DATASET EXTRACT:

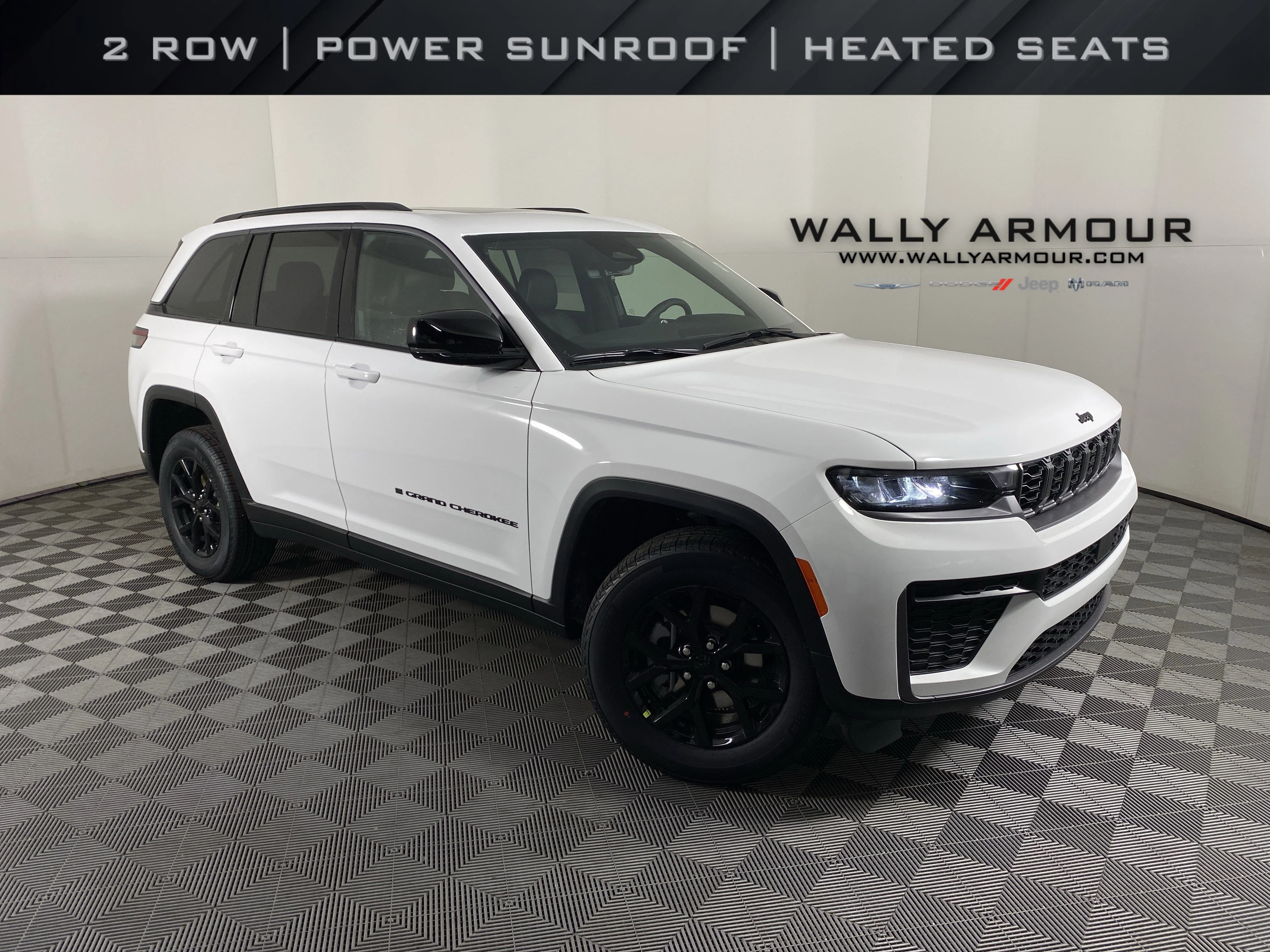 New 2026 Bright White Clear-Coat Exterior Paint Jeep Altitude image 1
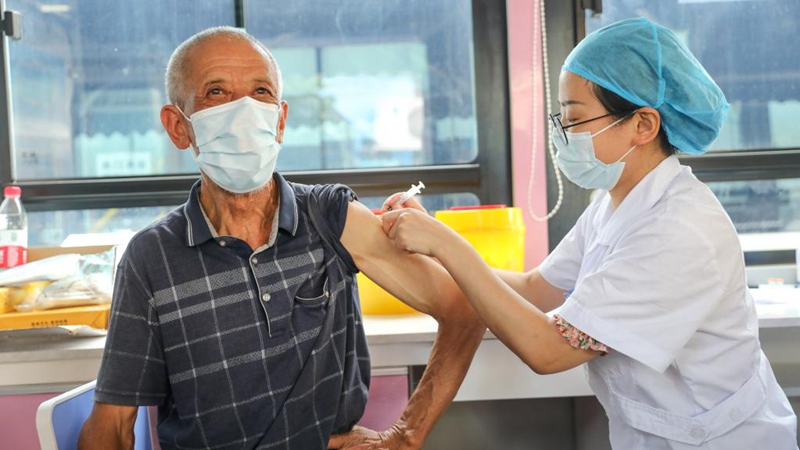 Mobile Impfbusse in Gemeinden und ländlichen Gebieten in Hengyang eingesetzt
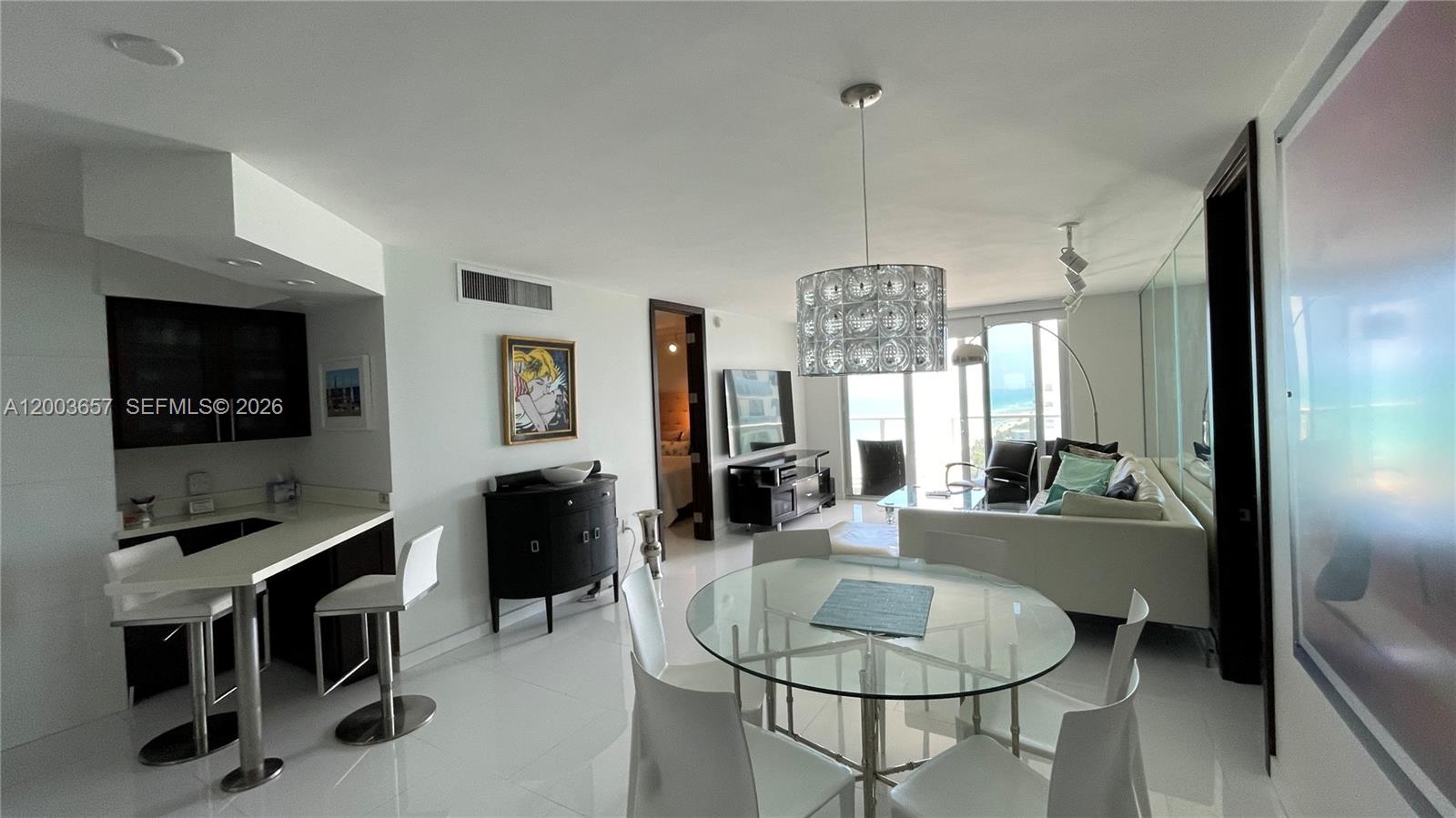 5701 Collins Ave 1714 Property Photo 3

ASSIGNMENT:
Write the listing above out again exactly, but not the images it holds.

ANSWER TO THIS PROBLEM:
 New 2026 Bright White Clear-Coat Exterior Paint Jeep Altitude image 1
 Mobile Impfbusse in Gemeinden und ländlichen Gebieten in Hengyang eingesetzt
 5701 Collins Ave 1714 Property Photo 3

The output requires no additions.